Under President Spooner Wolfe: Julia and Dan are still working; it would be boring to retire before you hit triple digits. They aren’t particularly well off, not like many people, but they’ve saved, and even though interest rates aren’t high, the competing free-market currencies have been so stable in value that they could retire now, if they wanted, in spite of the health crisis Julia had several years ago (due to environmental stresses from her childhood.) They’re expecting their first great-grandchild.

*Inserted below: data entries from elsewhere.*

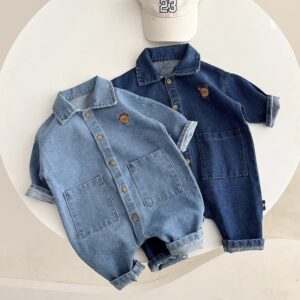 Baby Girls Boys Bear Embroidery Short Sleevv Denim Rompers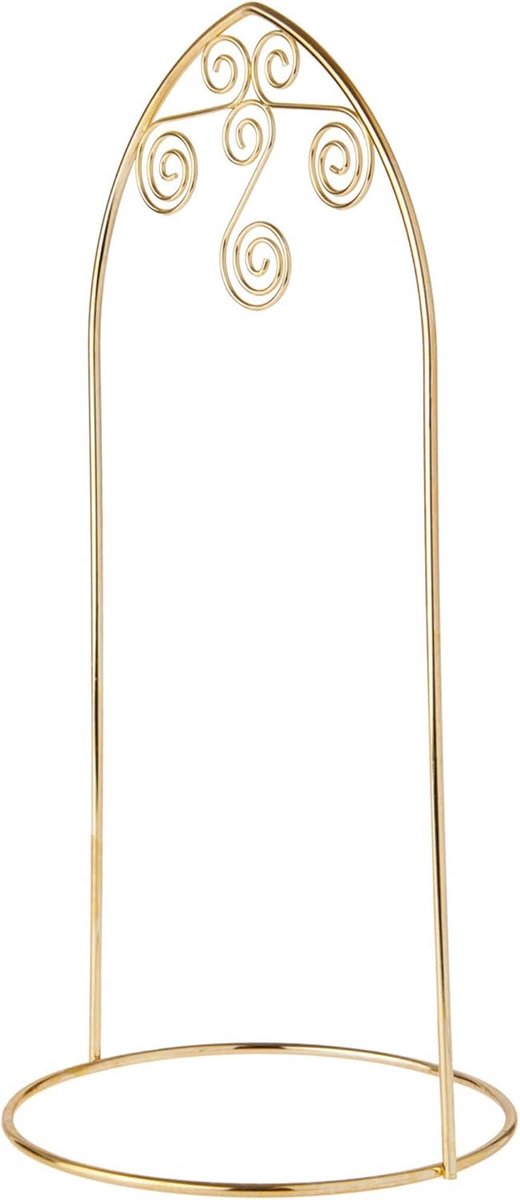 Set van 2 Sierlijke Goudkleurige Ornament Standaards Medium - 33 cm Hoog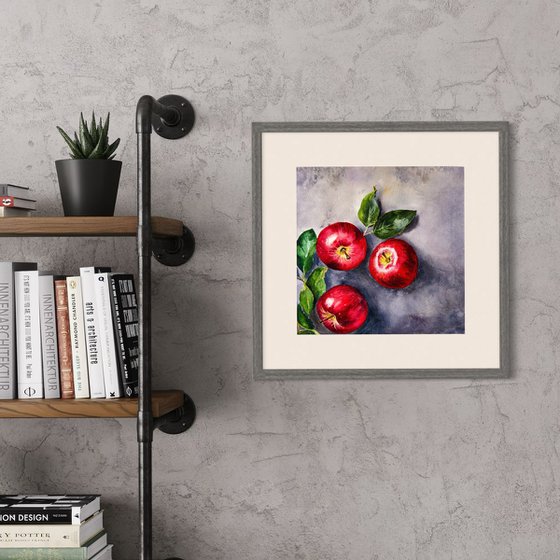 Red Apples on Cement v2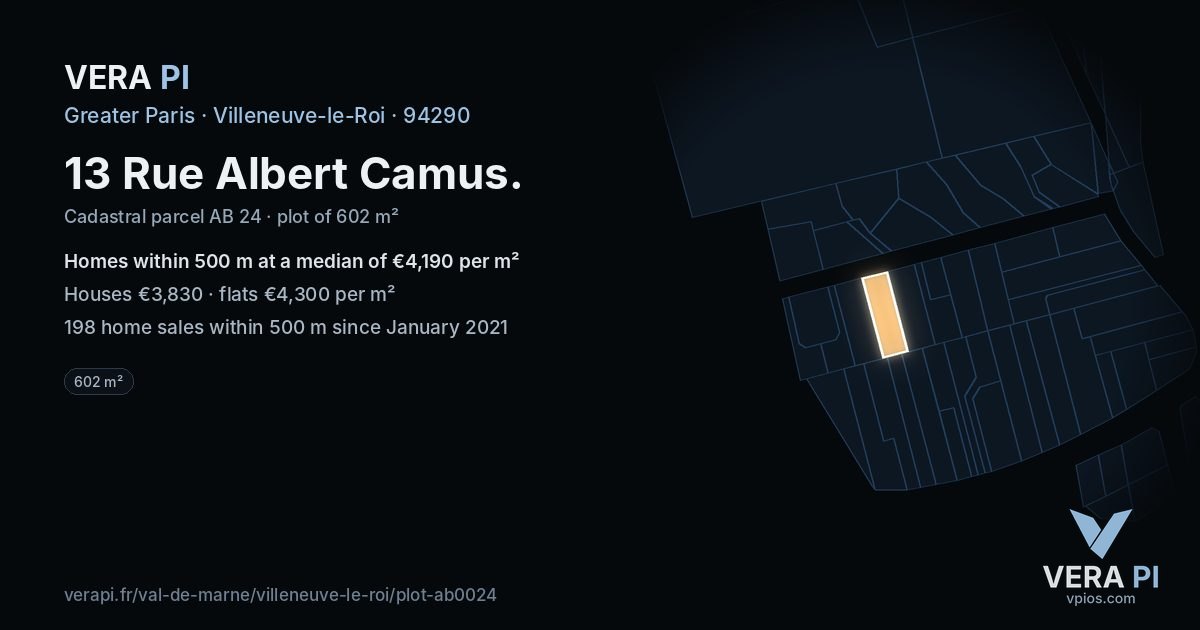 13 Rue Albert Camus, Villeneuve-le-Roi at night – the plot lit, the parcels around coloured by the prices near them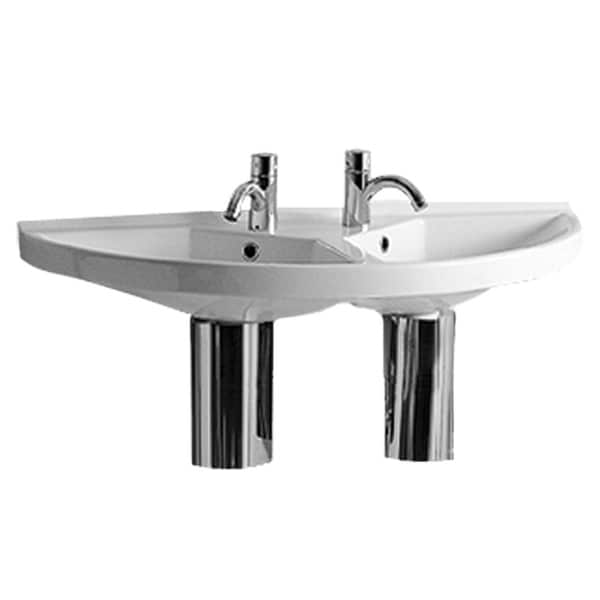 Whitehaus LU020-LUA6 Fixture Lavatory Console Vitreous China from the China series - White/Natural Wood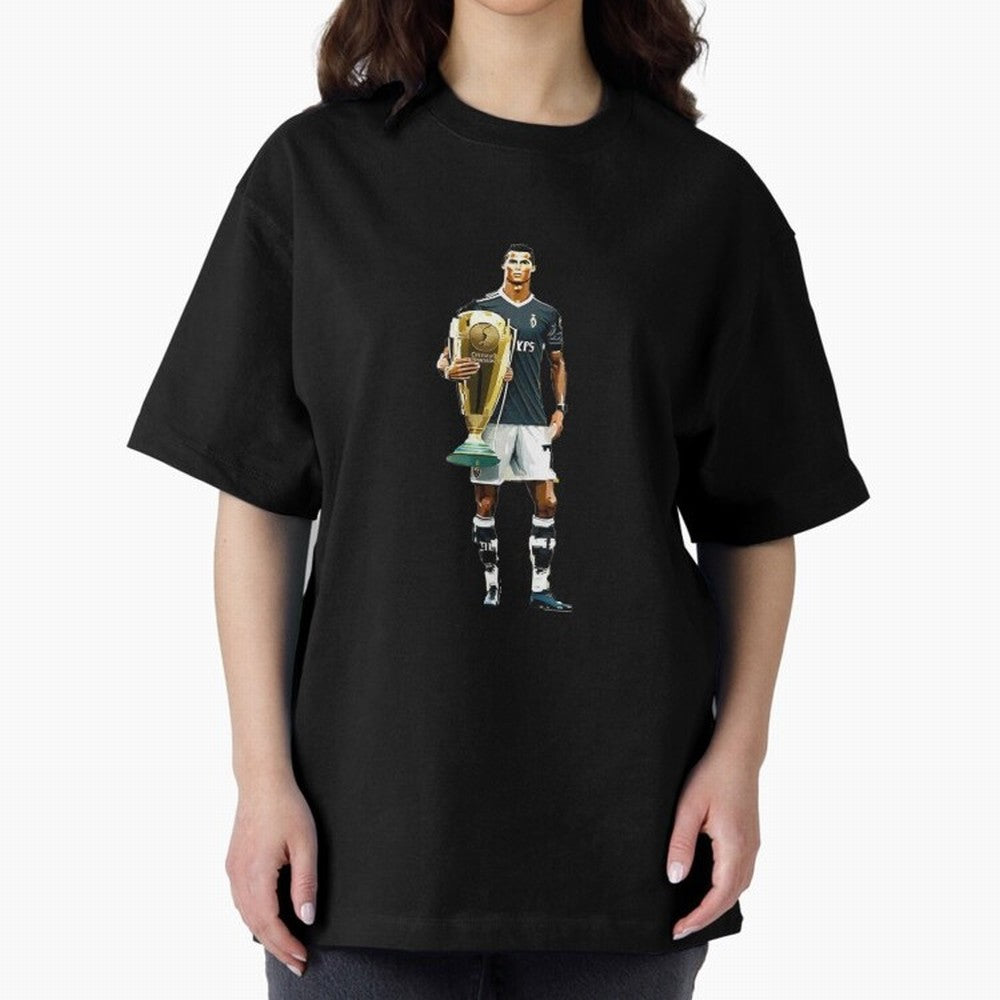Cristiano Ronaldo CR7 Game Time Pixel Artwork Futbol Soccer Oversized T-Shirt Celebrate Soccer Greatness during the FIFA World Cup 2026 Group Stage Journey through Mbappe and Neymar Highlights, Brazil, Portugal and Argentina Pride, Classic Soccer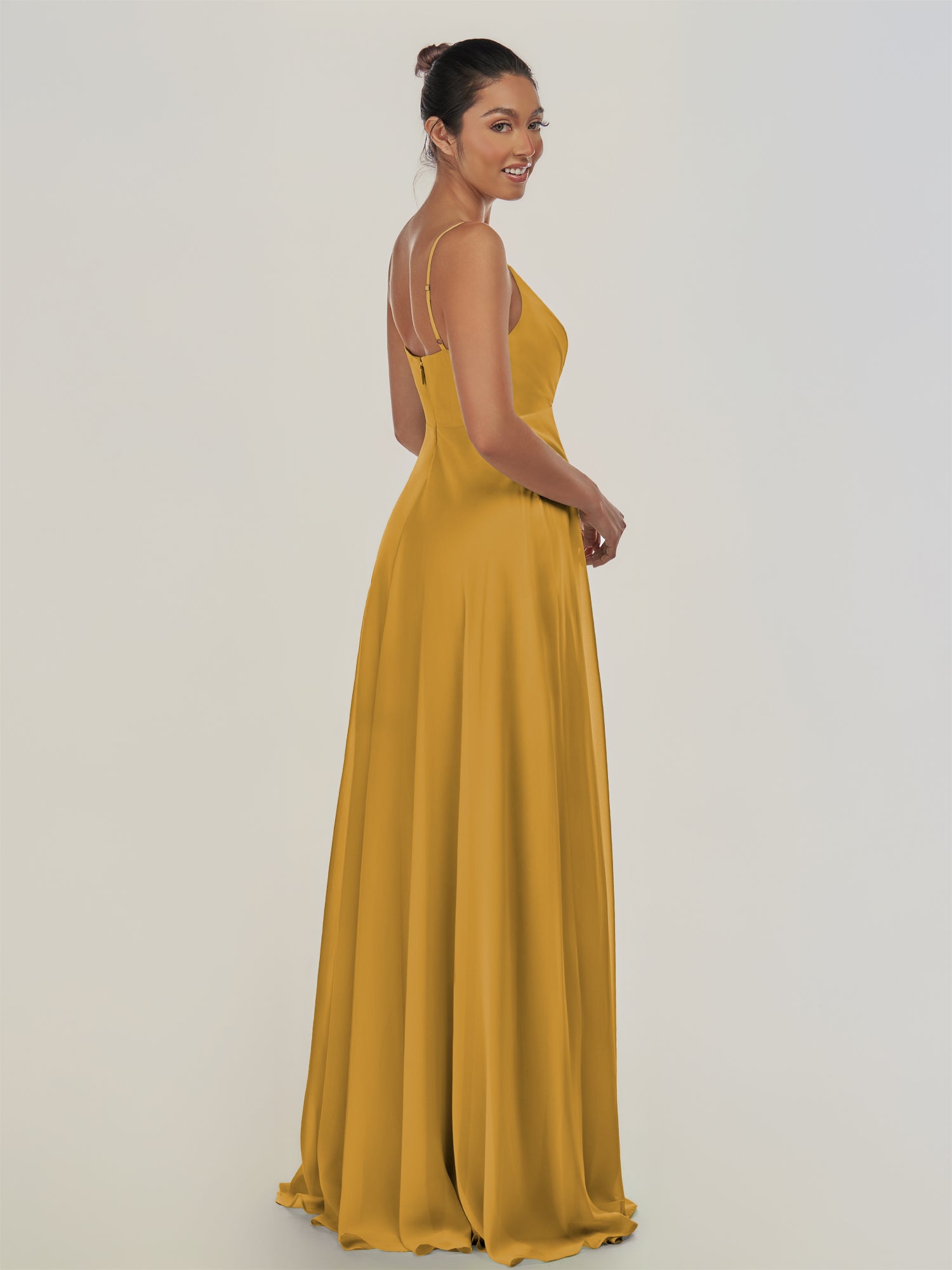 KissDress-Risa Marigold A Line Chiffon V Neck Long Bridesmaid Dress with Pleats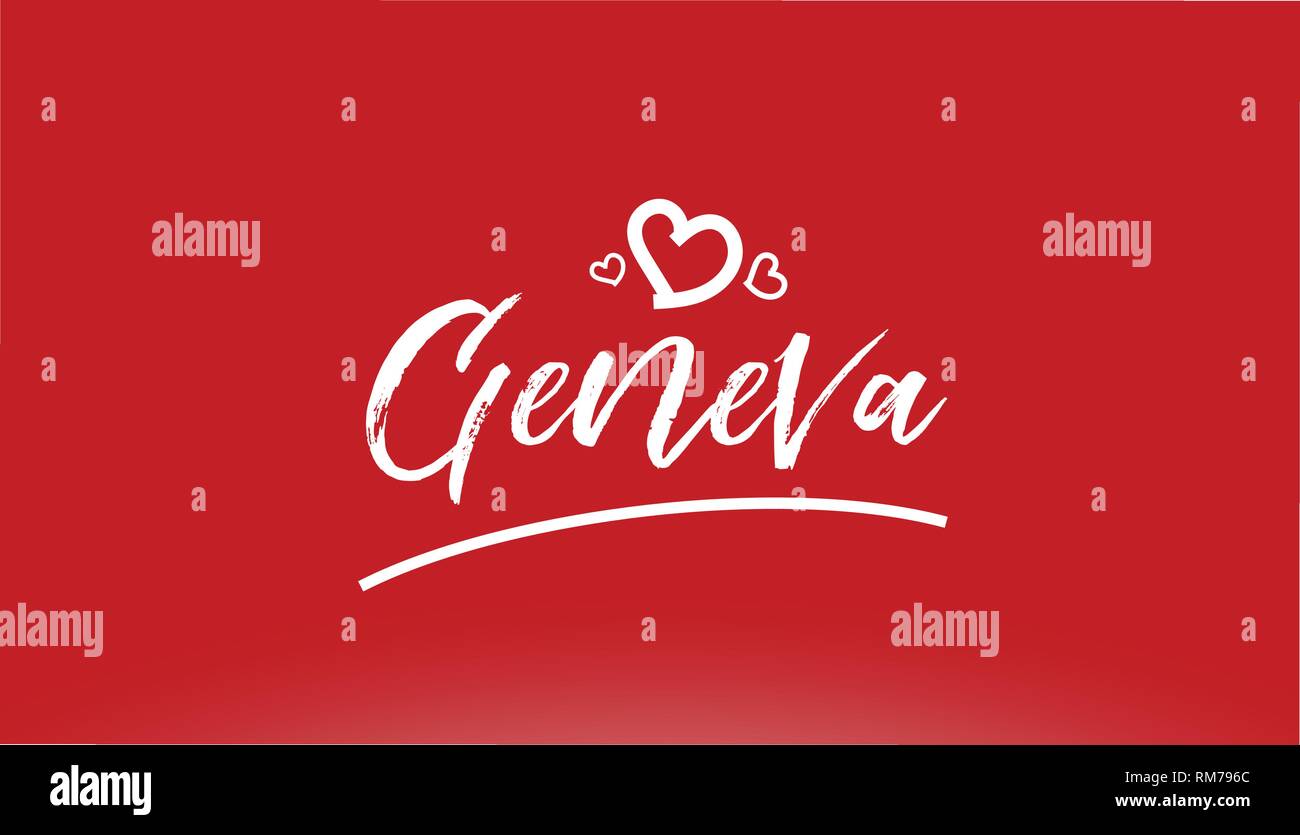 Genf weiße Stadt Hand geschriebenen Text mit Herzen auf rotem Hintergrund für Logo oder Typografie design Stock Vektor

Under Emperor Sharpton III: It’s Julia’s Reincarnation Day at Holdren Clinic. The drugs they use (she has been told by The 99%, the council that administers Reincarnation Day) flood your body with the ultimate orgasmic pleasure. She regrets that she had no children; population has been thin, and maybe they could have solved the Social Security crisis some other way. But she’s thankful for her African ancestry; after the coup attempt by the detestable Rahm II, all white people were either killed or sold as slaves to China. They start the IV; Julia feels the most intense pain of her life, then nothing.

**************************************************

This one is probably more entertaining.

One Response to The Life of Julia

  1. Ed Darrell says:

    Sort of like reading Ayn Rand fiction — satisfying to talk about red meat, but divorced from reality.

    Why not discuss real policy issues? Is it likely that the U.S. will experience what every other economy on Earth did, and find that health-care cost inflation dramatically decreases when everyone has access? Will that allow the U.S. to reduce health care costs, which are now double what every other nation pays, per capita, even though the U.S. fails to give access to one out of every seven people? What makes anyone think that extending tax cuts to the rich will do anything other than what happened under Bush — the nearly complete stall of economic growth (1 million new private sector jobs in eight years, the lowest growth rate in history, ending in collapse of housing and other investment bubbles driven by a surplus of money in the hands of financiers)?

    Is it reasonable to claim that extra watts generated by non-fossil-fuel sources really don’t count in increasing our nation’s energy security?

    There are serious issues here, with real consequences, and real data. Why would anybody bother with wholly made up stuff that in no way reflects reality?